# CS 136 Tutorials - Spring 2007

## Tutorial 7: Midterm Review (June 15)

The main purpose of today's tutorial is to help prepare you for the midterm exam next week. However, do not assume that the topics covered here are exactly those on the exam. For more information on the exam, see the exams page.

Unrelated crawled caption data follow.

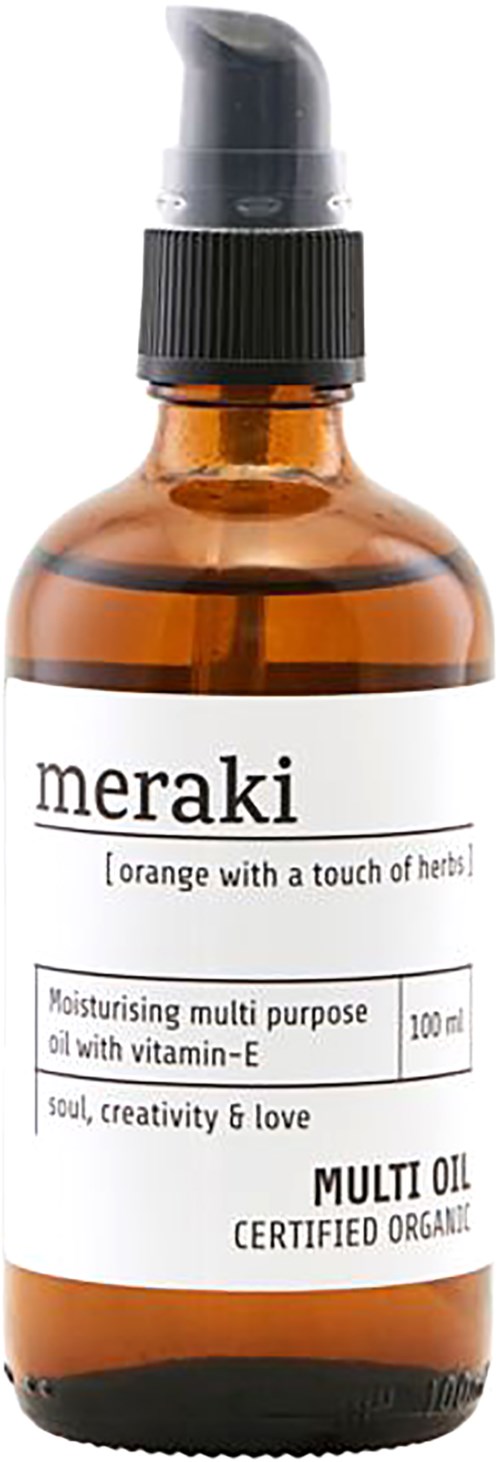 En liten brun flaska med svart pump, märkt 'meraki' med beskrivning och detaljer om ekologisk olja.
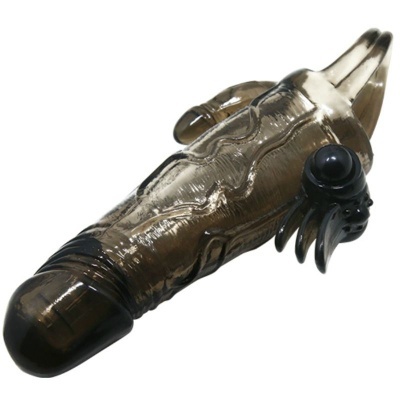 MANGA PENIANA COVER WITH CLIT AND ANAL STIMULATION DOUBLE BULLET BLACK 16.5 CM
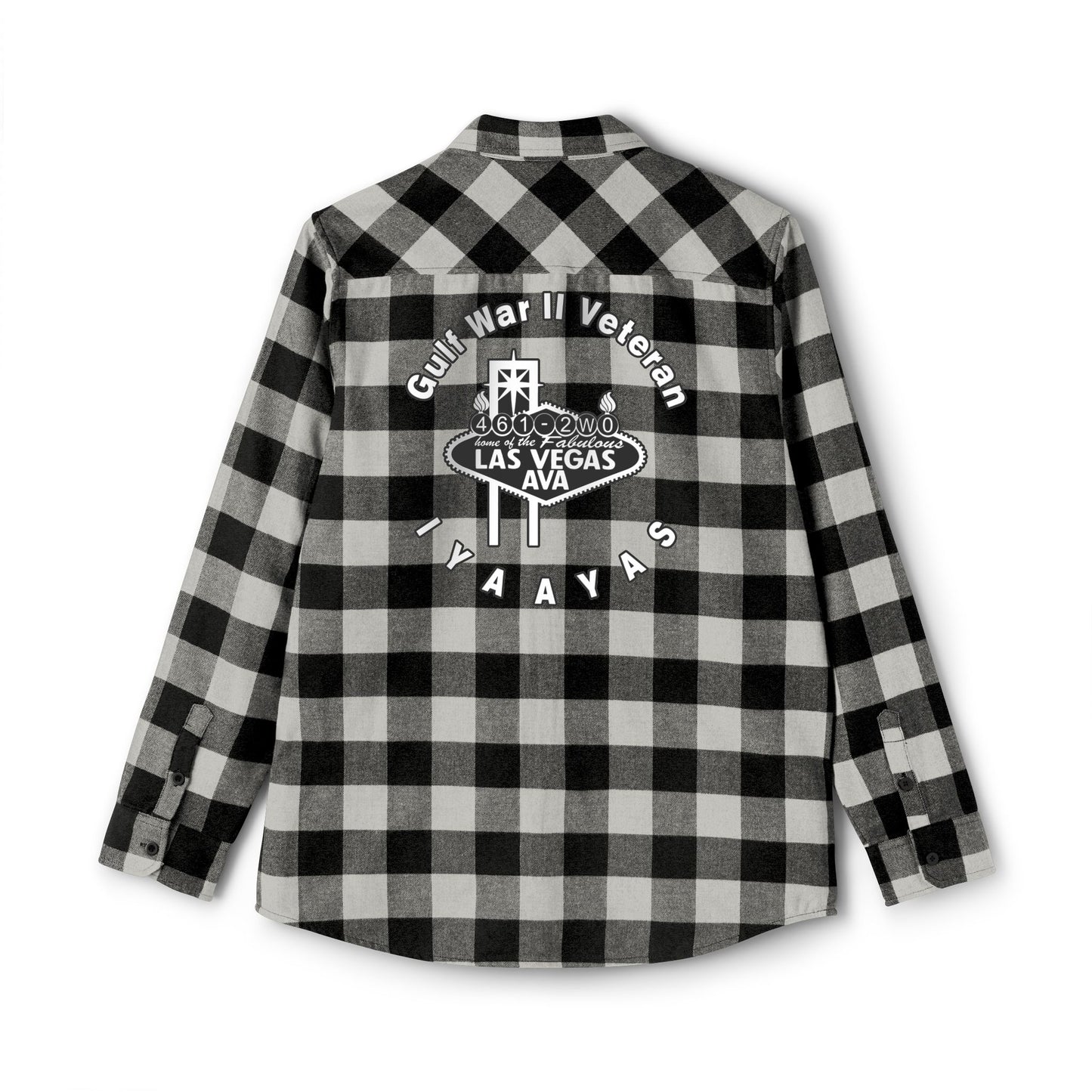 Gulf War II Veteran Las Vegas AVA USAF AMMO Pisspot Mens Long Sleeve Flannel Shirt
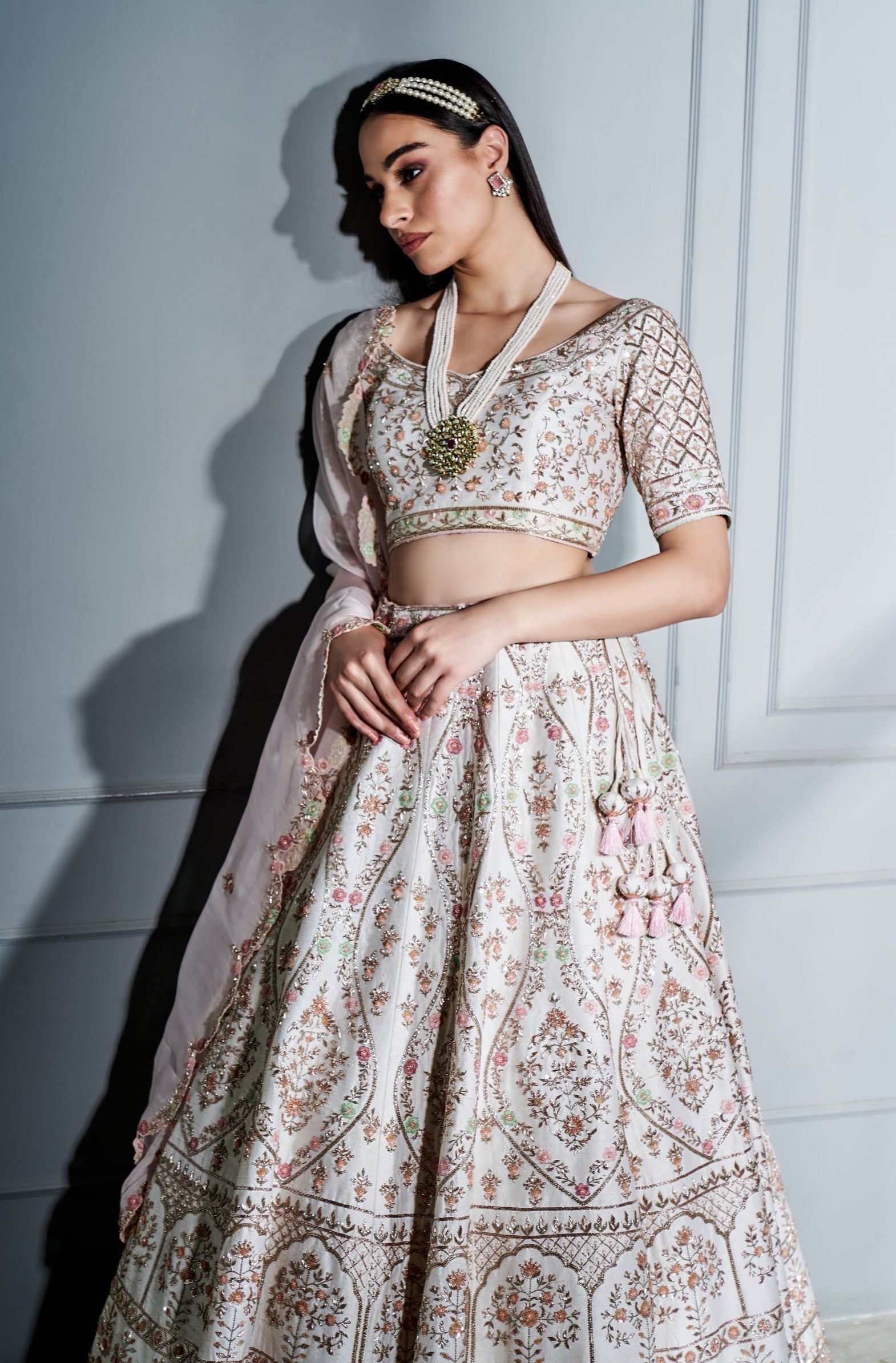 Ivory Blush Pink Floral Lehenga Set - floral lehenga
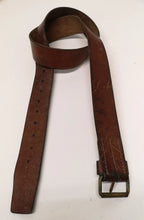 Swedish Army Unique Vintage Brown Leather Trouser Belt - All Sizes Lot2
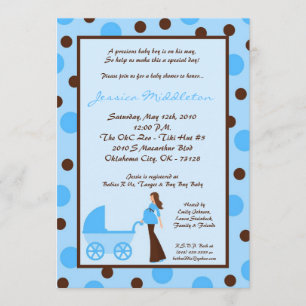 Invitación de Baby Shower de Blue Boy Mom 5x7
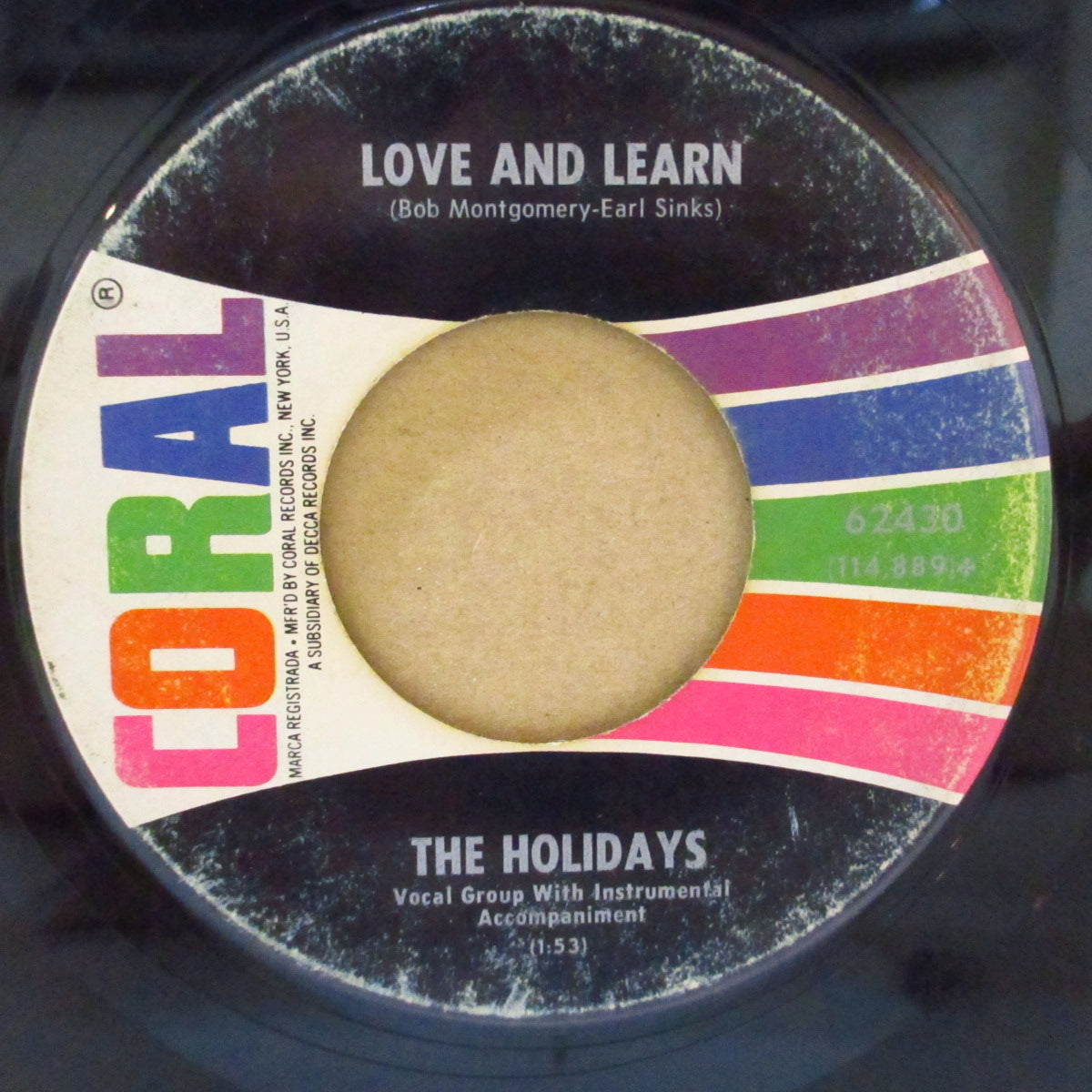 HOLIDAYS, THE (ザ・ホリデイズ) - I Want You To Love Me (US '64 オリジナル7インチ)英マージービート・グループ影響下のポップ・ビート!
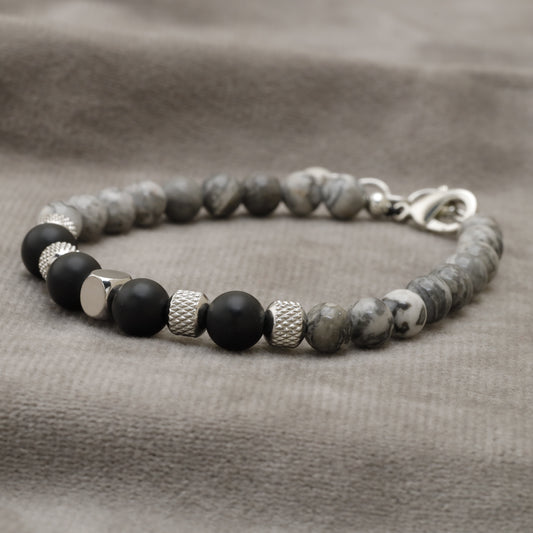 Natural Stone Beaded Bracelet Grey Agate & Black Onyx with Silver Accents B18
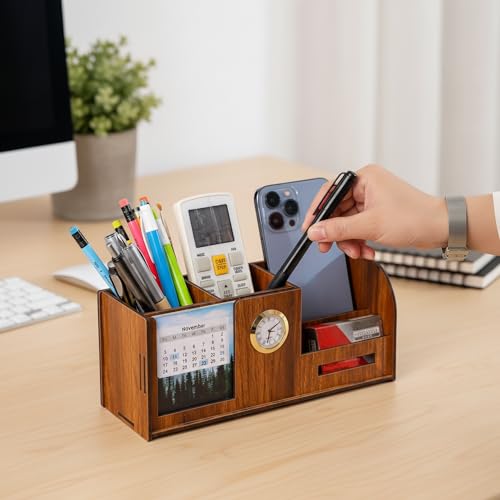 Deskart Stylish Pen Holder Stand with Clock, Two Years Calendar, Business Visiting Card & Mobile Holder | Multipurpose Desk Organizer for Office Desk and Gifting - Image 5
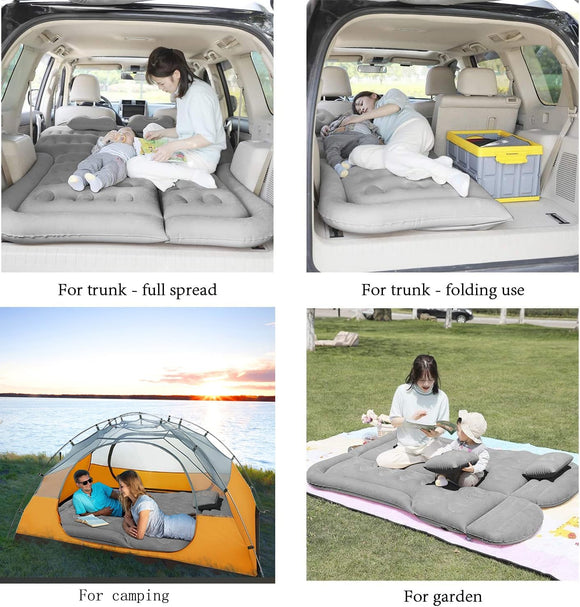 SUV Air Mattress Camping Bed Cushion Pillow - Inflatable Thickened Car Air Bed with Air Pump Portable Sleeping Pad Mattress for Home Car Travel Camping Upgraded Version - Grey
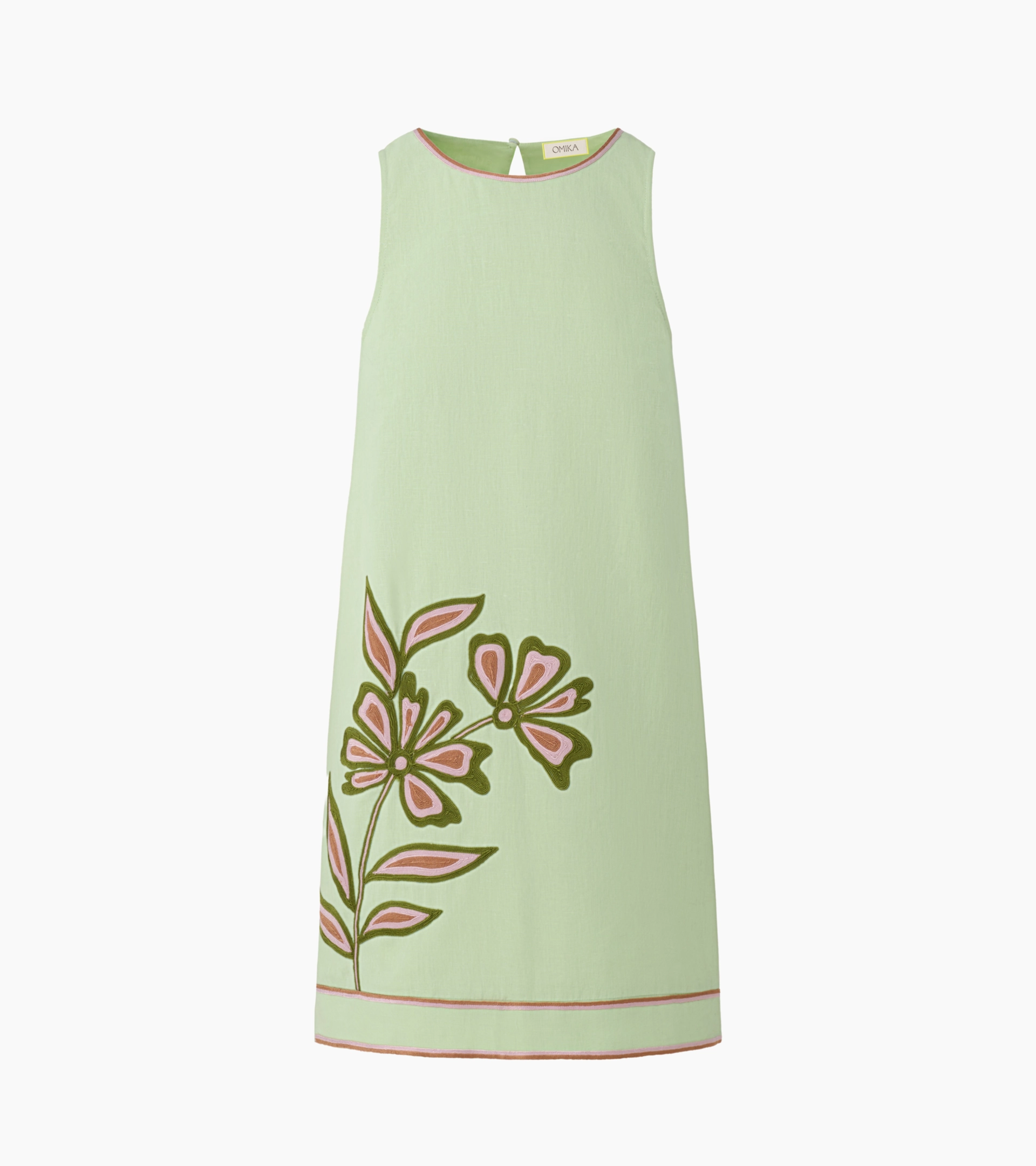 Ghost mannequin photography of a green linen shift dress with floral embroidery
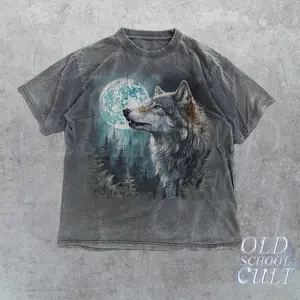 Vintage Wolf 90s Graphic Shirt, Wolf Lovers Retro Tee, 2000s Nature Moon Shirt, Nostalgia Unisex Oversize Tee, Cute Wolf Gift, Black Shir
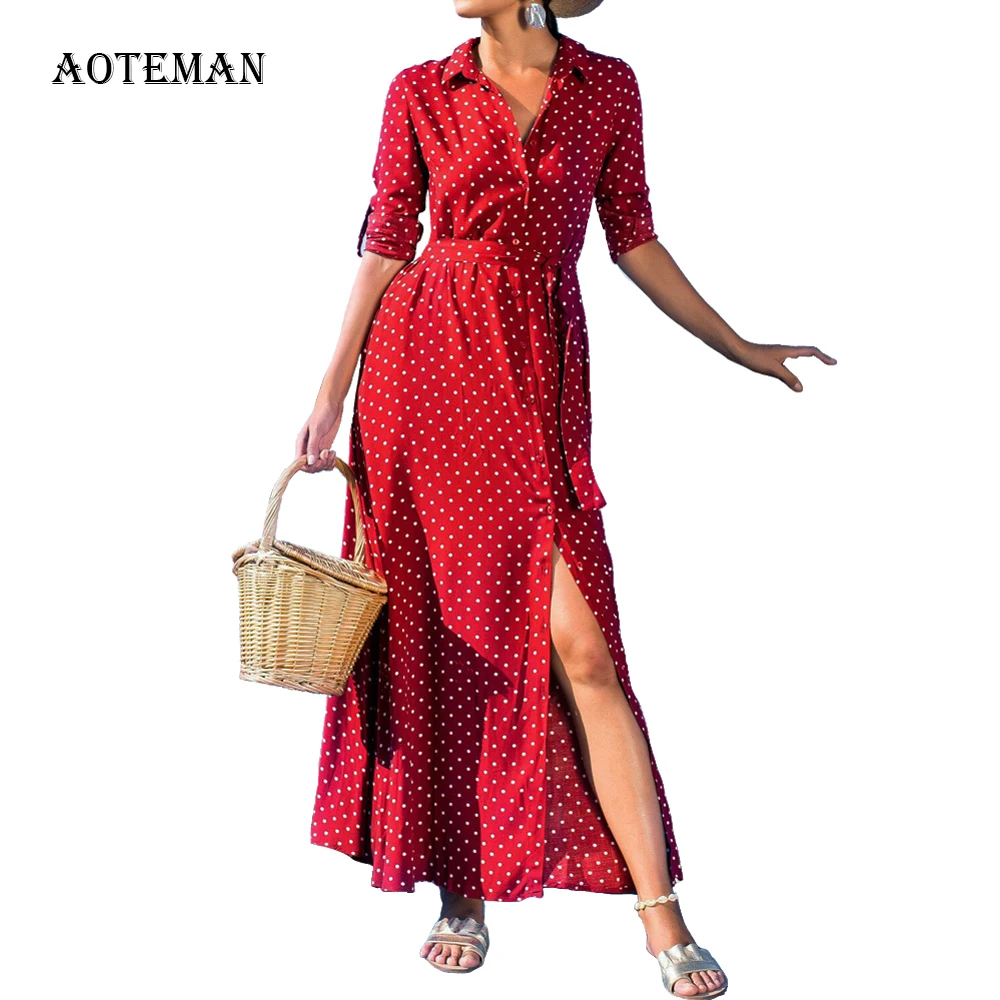 Белое вечерние нное вечернее платье в горошек 2020 повседневные элегантные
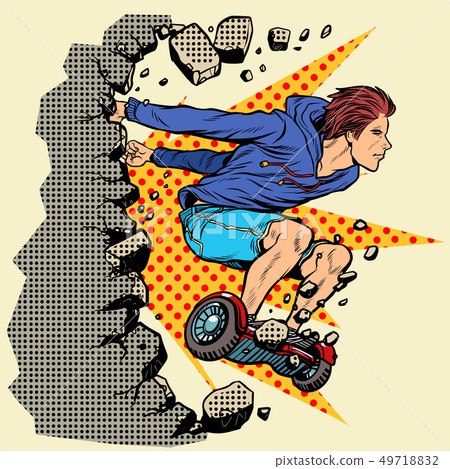 extreme teenager on hoverboard breaks the wall 49718832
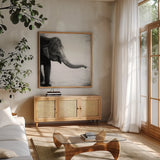 Elephant II No Border by Debra Van Swearingen. Shown in a natural wood frame in a cozy modern living room. Available as an archival giclee rolled canvas, fine art paper, or poster print. SKU 41815a.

Make sure you understand all the components of the following description of the Simple Set abstract data type (ADT):

A Simple Set is a (possibly empty) set of numbers {s1,s2,..., sn}. There are two operations on Simple Sets, as follows:

• The member operation has two arguments: a number x and a Simple Set S = {s1,s2,..., sn}, with precondition "true". The postcondition is "true", and the value "true" is returned if and only if x is an element in the set S.
• The insert operation has two arguments: a number x and a Simple Set S = {s1,s2,..., sn}, with precondition that x is not in S. The postcondition is that x is in S, and no value is returned.

An implementation of the Simple Set ADT using an unordered list of numbers is given as class `ss-list%` in the skeleton code for today's tutorial.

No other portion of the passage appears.